Creo que debiéramos dedicar un debate serio al transfuguismo, fenómeno que se ha dado desde siempre y que al parecer toleramos como algo normal y aceptable en la política. El tránsfuga es quién cambia de colectividad, ideología o partido, según el Diccionario de la Lengua Española. La motivación de eso es generalmente el oportunismo. Rara vez ocurre porque de verdad el tránsfuga haya sufrido una conversión ideológica, aunque ese es siempre el argumento que aducen. O bien responsabilizan a su hasta entonces partido de haber traicionado los principios originales y se van al partido que (según ellos) realmente los encarnan.

Con los tránsfugas, el partido receptor olvida las críticas o acciones en contra suya si es que ahora hace voto de constricción y aporta algo (votos, contactos, clientelas, dinero, etcétera). Hemos visto que López Obrador no perdona no estar de su lado, pero puede perdonar trayectorias cuestionables, fraudes electorales y corrupción si de pronto ofrecen lealtad a su movimiento. Morena está formado esencial aunque no exclusivamente por tránsfugas reciclados de los partidos villanos y conservadores, pero al cruzar el Ganges quedaron redimidos. Desde luego el fenómeno abarca a todos los partidos. Es algo inevitable, parte incluso de la libertad individual, pero quizá sí podría legislarse sobre los cargos de representación legislativa, que cuando el titular (o suplente en su caso) se pasan a otro partido (por compra, intimidación o simple conveniencia política) a cambio de su voto y su curul (que sirve para engrosar bancadas, ocupar comisiones, distribuir cargos de mando), estamos ante una estafa política al electorado.

Desde luego, suele asumirse que la gente vota por el candidato más que por el partido. Pero en la gran mayoría de los casos se vota por el partido, lo que representa, su plataforma legislativa, o incluso como contrapeso o castigo a otros partidos. Y aún si se conoce al candidato (rara vez ocurre) se vota por él en función del partido al que pertenece.
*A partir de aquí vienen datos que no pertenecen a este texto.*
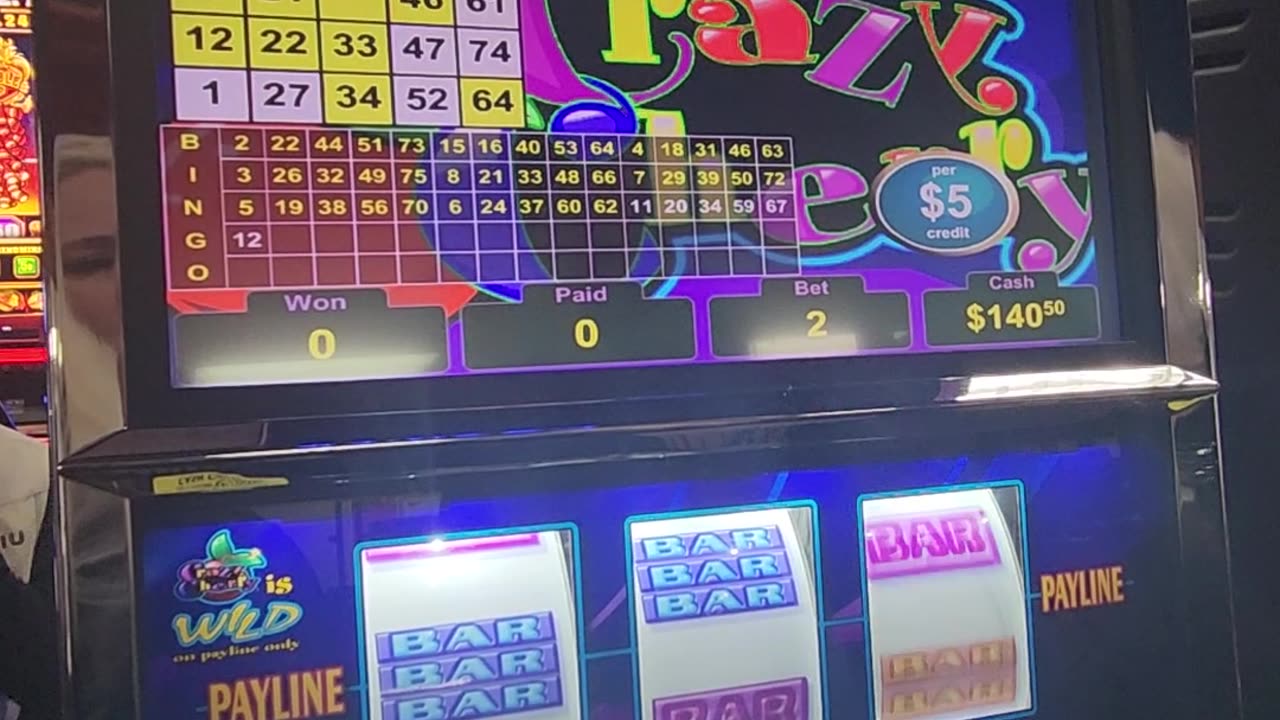 $5 Bets- Crazy cherry Slot Machine Lucky Star Casino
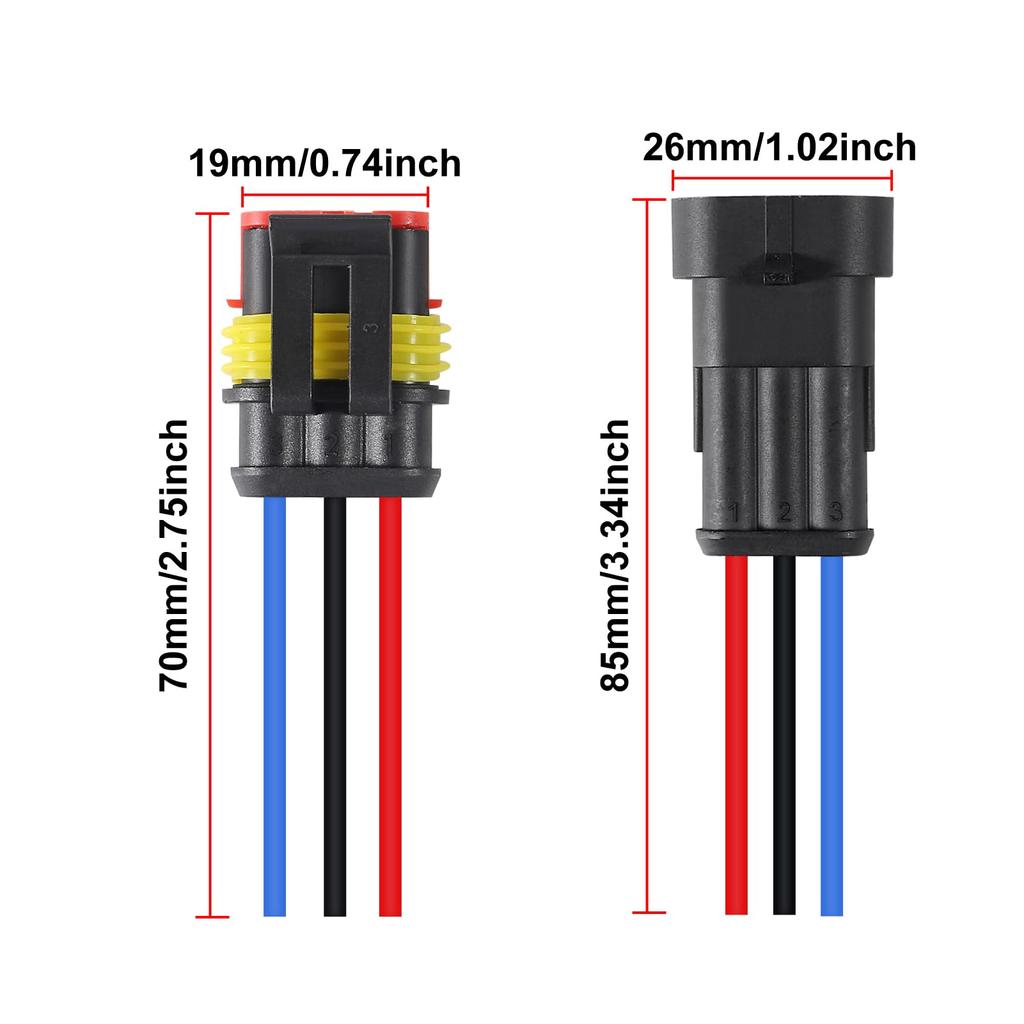 8 párů 3pinový konektor Vodotěsný Elektrický 3pinová zástrčka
Así, cuando los electores votan por ejemplo por Morena, por su proyecto, o por su rechazo al PRI y al PAN, si su "representante" se cambia a alguno de esos partidos (el caso de Lilly Téllez), traiciona a sus representados. Y a la inversa; quienes votaron por legisladores de la oposición lo hicieron por sus plataformas o como contrapeso al partido mayoritario. ¿Tienen derecho los legisladores a echar abajo el sentido del voto? Me parece que no.

Habría que discutirlo, y preguntar qué normas podrían evitar o sancionar ese hecho. Una podría ser que si un legislador cambia de partido, perderá su curul (en cuyo caso mejor no se irá). Y si bien, aun así puede votar con otros partidos (voto de conciencia) al menos no cambiarán las bancadas (con las consecuencias que ello tiene en la distribución de cargos, fondos y comités parlamentarios). Al menos sería un coto, un freno mínimo de respeto a los electores que votaron por esa opción. Una tesis que promovió Hans Kelsen hace años (Esencia y valor de la democracia, 1977), y aplica en por ejemplo Checoslovaquia y Portugal. O bien cuando un legislador pretendiera cambiar de partido, podría abrirse un proceso de revocación de mandato; si lo aprueba es señal de su la mayoría de sus electores está de acuerdo con el cambio, y se lo reprueba abandona su curul a favor de su suplente, el cual estaría sujeto a la misma norma.